→ **Record excerpts**
^^^^^^^^

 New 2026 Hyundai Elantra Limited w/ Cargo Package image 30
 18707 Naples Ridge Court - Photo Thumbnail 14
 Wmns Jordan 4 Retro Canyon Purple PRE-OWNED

^^^^^^^^

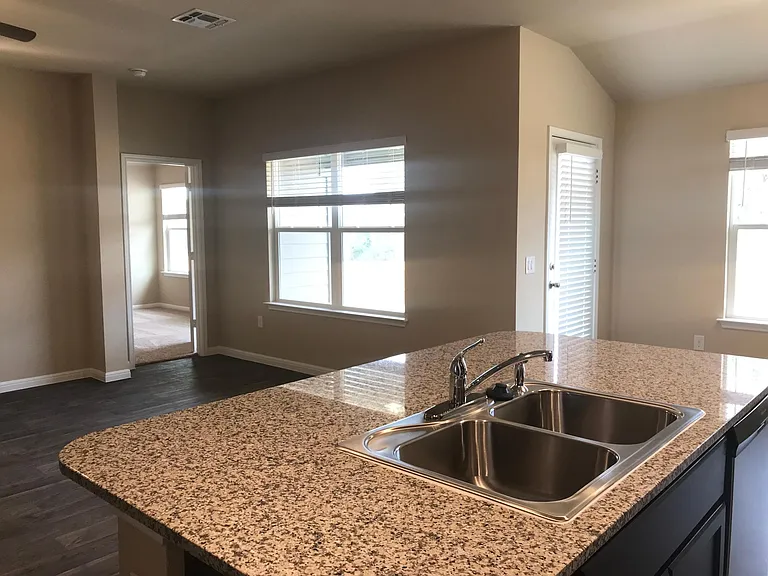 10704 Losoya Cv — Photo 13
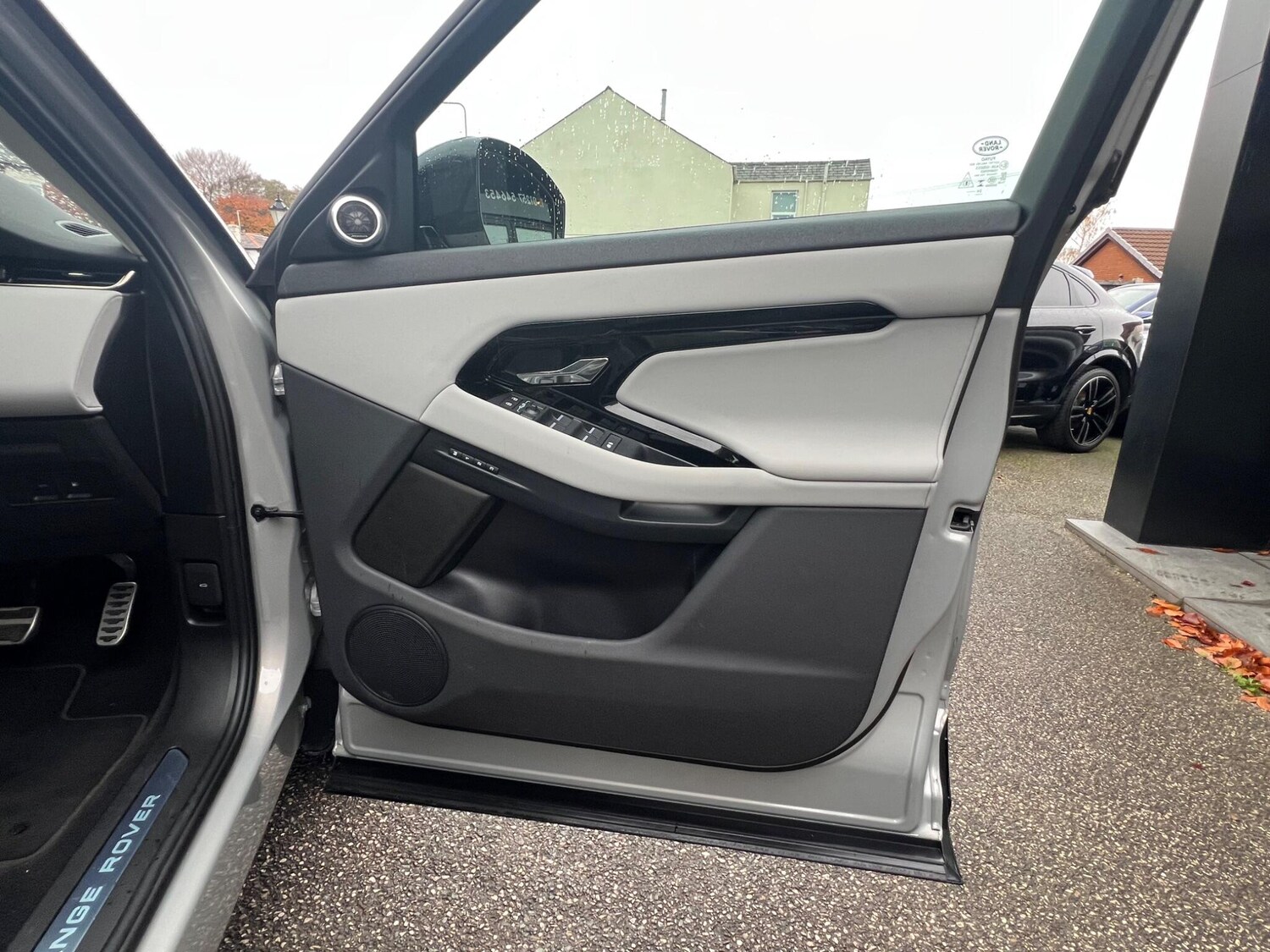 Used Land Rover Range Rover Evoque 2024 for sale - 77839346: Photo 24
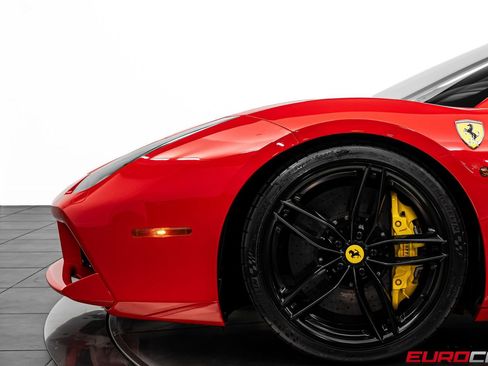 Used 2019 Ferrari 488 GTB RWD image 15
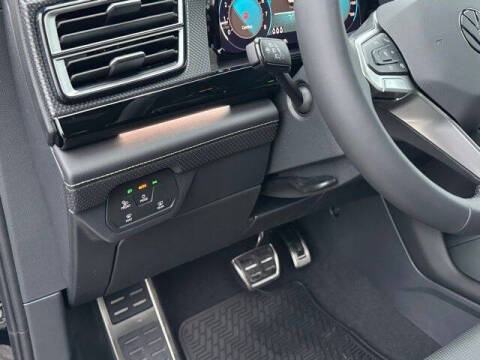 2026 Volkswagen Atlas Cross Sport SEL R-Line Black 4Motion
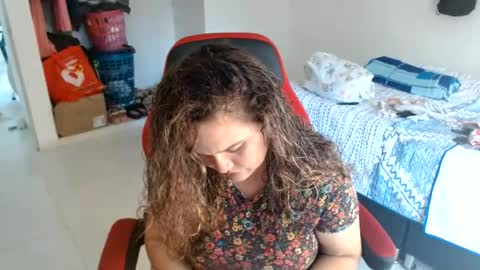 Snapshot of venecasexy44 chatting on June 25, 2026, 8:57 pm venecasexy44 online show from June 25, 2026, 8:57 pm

^^^^^^^^

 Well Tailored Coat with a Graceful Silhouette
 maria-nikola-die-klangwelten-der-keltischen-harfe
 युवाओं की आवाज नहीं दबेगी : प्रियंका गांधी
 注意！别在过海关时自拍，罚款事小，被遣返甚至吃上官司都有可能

^^^^^^^^

→ **Activity**
Give back exactly the lines above, from the line containing "New 2026 Hyundai" through the line containing "Wmns Jordan 4 Retro Canyon Purple PRE-OWNED", with both end lines and nothing more.

→ **Solved exercise**
 New 2026 Hyundai Elantra Limited w/ Cargo Package image 30
 18707 Naples Ridge Court - Photo Thumbnail 14
 Wmns Jordan 4 Retro Canyon Purple PRE-OWNED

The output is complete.